I knew that recruiter meant I should straight-out ask for the job before leaving the meeting. But just how does one go about closing an interview by asking for the job?

A recent post by Karen Burns, the author of The Amazing Adventures of Working Girl: Real-Life Career Advice You Can Actually Use, suggests 10 possible ways. Since they all say more or less the same thing, the key is to practice various alternatives (which needn't be drawn from Burns' list) until you find a formulation you're comfortable with.

No matter how you choose to "close" an interview, you'll likely be more convincing if you remember these three points. First, as a job-seeker you are not "begging for a handout"; you are offering skills and commitment that an employer can benefit from. Second, many hiring managers like hearing an interviewee say she wants the job. "It shows eagerness, honesty, and enthusiasm. And it's flattering," Burns observes. And third, "The better you get to know your interviewer, the easier it'll be to find the right words to 'ask for the job.'"

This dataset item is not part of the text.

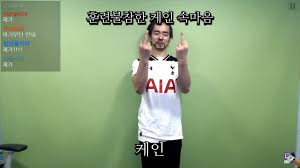 이 사고로 균형을 잃은 5톤 화물차는 건너편 5층 건물로 돌진했는데요. Dcrls8fkqwaarm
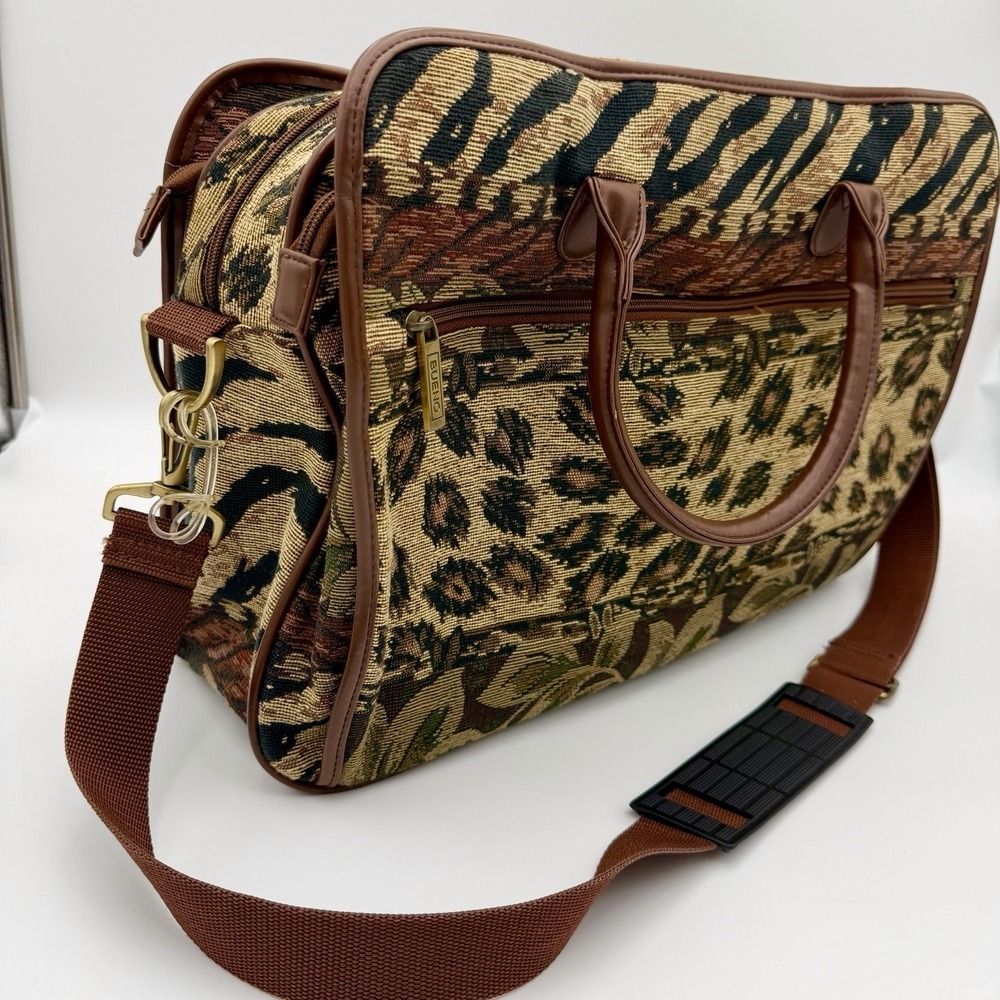 Bueno Safari Tapestry Zebra Leopard Travel Bag Weekender Carry On Duffle Vintage - Picture 6 of 16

One caveat: Burns' concluding paragraph appears to recommend that if offered a job you're sure you want, you should "accept right on the spot." If that is indeed what she's advising (her wording is somewhat ambiguous), then her view falls far outside the mainstream. Every career expert I've heard says a job-seeker should never accept an offer as soon as it arrives. When you get an offer, always be positive and express gratitude, even enthusiasm ... but always ask for 24 hours to think it over before accepting. And always ask for it in writing. Not for legal purposes - a written offer of employment generally can be rescinded as easily as a verbal one - but for clarity while you review it and thereafter.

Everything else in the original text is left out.